My daughter is moving looking for a new apartment .( South East )

She has been offered an 2 bed for € 650 per month .

The landlord wants a deposit of € 650 AND a months rent in advance of € 650 .

Is this normal to have to pay down € 1300 in advance ?


----------



## Smashbox (20 Mar 2009)

I have heard of a deposit and a months rent in advance alright, a lot of my friends are renting and this seems fairly standard.


----------



## Havana (20 Mar 2009)

Totally normal. Once she adheres to the terms of the lease she will get the deposit back when she moves out. Make sure she gets the keys as she hands over the deposit and rent and gets the deposit back on the day she moves out.


----------



## Canny39 (20 Mar 2009)

Sounds like a lot doesn't it, but like Havana says it's totally normal.

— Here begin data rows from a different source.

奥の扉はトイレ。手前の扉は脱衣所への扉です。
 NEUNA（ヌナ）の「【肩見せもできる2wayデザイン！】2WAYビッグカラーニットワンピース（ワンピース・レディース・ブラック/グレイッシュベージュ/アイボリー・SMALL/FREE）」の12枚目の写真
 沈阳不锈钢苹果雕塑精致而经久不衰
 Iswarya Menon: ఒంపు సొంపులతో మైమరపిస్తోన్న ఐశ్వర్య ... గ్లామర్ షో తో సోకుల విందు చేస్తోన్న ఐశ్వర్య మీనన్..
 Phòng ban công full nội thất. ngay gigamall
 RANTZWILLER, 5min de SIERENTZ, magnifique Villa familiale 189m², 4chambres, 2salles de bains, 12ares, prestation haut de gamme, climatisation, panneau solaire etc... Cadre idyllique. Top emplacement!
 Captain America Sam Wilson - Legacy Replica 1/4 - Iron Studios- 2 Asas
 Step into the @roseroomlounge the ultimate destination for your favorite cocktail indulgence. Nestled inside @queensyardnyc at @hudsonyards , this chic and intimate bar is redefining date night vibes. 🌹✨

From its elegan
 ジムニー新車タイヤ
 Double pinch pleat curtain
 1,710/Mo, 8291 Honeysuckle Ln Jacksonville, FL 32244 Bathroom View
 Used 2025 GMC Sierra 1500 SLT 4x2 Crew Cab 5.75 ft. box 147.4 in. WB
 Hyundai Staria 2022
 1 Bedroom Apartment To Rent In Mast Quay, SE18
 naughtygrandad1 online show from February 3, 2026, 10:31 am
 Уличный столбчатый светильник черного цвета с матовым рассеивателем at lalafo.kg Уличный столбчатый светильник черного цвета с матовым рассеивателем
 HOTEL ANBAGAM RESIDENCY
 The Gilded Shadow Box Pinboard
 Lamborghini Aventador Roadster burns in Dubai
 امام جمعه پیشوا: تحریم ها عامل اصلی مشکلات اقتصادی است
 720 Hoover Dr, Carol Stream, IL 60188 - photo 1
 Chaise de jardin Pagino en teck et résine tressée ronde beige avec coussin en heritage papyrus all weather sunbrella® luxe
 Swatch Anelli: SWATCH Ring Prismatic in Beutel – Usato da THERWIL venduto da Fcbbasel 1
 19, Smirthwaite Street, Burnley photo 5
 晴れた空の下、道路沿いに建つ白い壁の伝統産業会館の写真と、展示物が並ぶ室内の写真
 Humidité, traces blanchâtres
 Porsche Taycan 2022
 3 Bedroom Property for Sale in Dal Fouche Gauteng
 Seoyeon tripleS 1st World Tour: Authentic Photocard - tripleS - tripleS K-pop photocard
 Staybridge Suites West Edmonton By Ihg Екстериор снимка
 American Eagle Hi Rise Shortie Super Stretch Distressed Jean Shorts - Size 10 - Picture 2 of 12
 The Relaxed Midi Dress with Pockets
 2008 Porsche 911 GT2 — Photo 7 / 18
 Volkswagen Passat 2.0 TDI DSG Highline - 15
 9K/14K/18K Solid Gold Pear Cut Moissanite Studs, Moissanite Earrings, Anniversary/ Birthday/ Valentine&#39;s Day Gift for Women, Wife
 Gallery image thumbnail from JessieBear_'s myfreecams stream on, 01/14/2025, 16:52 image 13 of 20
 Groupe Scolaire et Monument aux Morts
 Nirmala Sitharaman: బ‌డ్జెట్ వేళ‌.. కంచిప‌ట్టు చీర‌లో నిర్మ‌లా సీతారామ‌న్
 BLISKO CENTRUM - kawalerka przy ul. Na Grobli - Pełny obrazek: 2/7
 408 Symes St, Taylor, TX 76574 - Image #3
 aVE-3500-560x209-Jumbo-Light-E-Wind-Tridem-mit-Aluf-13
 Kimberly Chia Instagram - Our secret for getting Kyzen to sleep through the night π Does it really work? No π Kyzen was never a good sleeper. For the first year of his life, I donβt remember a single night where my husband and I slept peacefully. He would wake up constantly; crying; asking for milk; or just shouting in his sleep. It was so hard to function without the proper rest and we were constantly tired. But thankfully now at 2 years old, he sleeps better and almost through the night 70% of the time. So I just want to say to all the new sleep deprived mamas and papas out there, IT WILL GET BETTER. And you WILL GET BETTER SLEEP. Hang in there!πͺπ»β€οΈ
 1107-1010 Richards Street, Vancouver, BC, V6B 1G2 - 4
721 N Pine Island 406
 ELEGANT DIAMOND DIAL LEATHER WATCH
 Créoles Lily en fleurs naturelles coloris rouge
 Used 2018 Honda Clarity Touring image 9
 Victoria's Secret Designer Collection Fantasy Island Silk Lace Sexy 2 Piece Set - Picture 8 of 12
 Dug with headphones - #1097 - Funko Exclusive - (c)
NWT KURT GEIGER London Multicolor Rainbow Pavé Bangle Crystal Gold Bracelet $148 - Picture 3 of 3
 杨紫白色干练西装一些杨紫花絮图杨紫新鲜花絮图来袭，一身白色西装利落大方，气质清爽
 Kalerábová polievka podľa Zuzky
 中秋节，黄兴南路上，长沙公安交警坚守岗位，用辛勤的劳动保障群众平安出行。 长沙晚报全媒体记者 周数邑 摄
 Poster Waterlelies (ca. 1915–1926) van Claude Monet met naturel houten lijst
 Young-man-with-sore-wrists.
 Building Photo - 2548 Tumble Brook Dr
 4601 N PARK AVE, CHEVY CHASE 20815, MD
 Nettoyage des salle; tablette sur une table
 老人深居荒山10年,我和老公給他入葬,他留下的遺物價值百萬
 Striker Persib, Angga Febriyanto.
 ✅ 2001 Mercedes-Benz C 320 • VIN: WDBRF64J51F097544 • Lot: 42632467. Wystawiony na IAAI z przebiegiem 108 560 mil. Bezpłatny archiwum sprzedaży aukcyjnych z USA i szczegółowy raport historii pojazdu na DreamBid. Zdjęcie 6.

Deposit or as the American's call it security deposit is always paid when you are moving in. This is to protect the landlord from damage other than normal wear and tear to their property during the term of the lease. If when the lease expires no such damage has occurred the tenant is entitled to receive this deposit back. I would advise seeing the following website  http://www.threshold.ie (the National Housing Organisation) to get more advice and information regarding tenants and landlords rights and responsibilities. It has a very good section on getting back your deposit.
Rent is usually paid monthly in advance, I assume to protect the landlord from tenants doing a 'moonlight flit' with monies owed.


----------



## L.J (24 Mar 2009)

http://www.revenue.ie/en/tax/it/forms/rent1.pdf

She might find this useful - form for claiming tax relieft on rented accommodation.


----------



## NHG (24 Mar 2009)

Thats the norm, a deposit is always paid in advance and rent is always paid either monthly or weekly in advance which ever is in the agreement.

Utility bills should also go into the tenants name, the esb will look for a deposit if you are not going to pay by direct debit.


----------